*** Dataset records

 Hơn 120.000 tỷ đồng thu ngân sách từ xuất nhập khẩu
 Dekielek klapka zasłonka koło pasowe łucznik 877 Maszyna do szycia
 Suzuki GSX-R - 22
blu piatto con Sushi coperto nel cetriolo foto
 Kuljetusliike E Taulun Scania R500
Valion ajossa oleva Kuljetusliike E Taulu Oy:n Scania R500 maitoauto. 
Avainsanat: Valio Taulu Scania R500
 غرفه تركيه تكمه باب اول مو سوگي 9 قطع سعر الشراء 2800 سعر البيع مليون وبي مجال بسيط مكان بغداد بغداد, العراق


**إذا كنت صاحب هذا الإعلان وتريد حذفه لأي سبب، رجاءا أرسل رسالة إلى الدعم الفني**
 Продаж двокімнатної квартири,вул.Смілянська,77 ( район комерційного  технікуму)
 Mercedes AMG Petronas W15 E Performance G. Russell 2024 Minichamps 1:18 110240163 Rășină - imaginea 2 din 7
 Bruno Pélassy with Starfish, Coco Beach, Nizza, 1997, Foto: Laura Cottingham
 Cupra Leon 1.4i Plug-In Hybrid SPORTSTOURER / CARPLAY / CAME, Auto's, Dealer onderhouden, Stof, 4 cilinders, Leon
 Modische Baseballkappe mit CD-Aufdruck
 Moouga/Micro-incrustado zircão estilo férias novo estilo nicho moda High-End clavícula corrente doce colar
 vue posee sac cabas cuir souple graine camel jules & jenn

******

## Your goal:
With every line intact, reproduce the listing verbatim.

## Reply:
 Hơn 120.000 tỷ đồng thu ngân sách từ xuất nhập khẩu
 Dekielek klapka zasłonka koło pasowe łucznik 877 Maszyna do szycia
 Suzuki GSX-R - 22
blu piatto con Sushi coperto nel cetriolo foto
 Kuljetusliike E Taulun Scania R500
Valion ajossa oleva Kuljetusliike E Taulu Oy:n Scania R500 maitoauto. 
Avainsanat: Valio Taulu Scania R500
 غرفه تركيه تكمه باب اول مو سوگي 9 قطع سعر الشراء 2800 سعر البيع مليون وبي مجال بسيط مكان بغداد بغداد, العراق


**إذا كنت صاحب هذا الإعلان وتريد حذفه لأي سبب، رجاءا أرسل رسالة إلى الدعم الفني**
 Продаж двокімнатної квартири,вул.Смілянська,77 ( район комерційного  технікуму)
 Mercedes AMG Petronas W15 E Performance G. Russell 2024 Minichamps 1:18 110240163 Rășină - imaginea 2 din 7
 Bruno Pélassy with Starfish, Coco Beach, Nizza, 1997, Foto: Laura Cottingham
 Cupra Leon 1.4i Plug-In Hybrid SPORTSTOURER / CARPLAY / CAME, Auto's, Dealer onderhouden, Stof, 4 cilinders, Leon
 Modische Baseballkappe mit CD-Aufdruck
 Moouga/Micro-incrustado zircão estilo férias novo estilo nicho moda High-End clavícula corrente doce colar
 vue posee sac cabas cuir souple graine camel jules & jenn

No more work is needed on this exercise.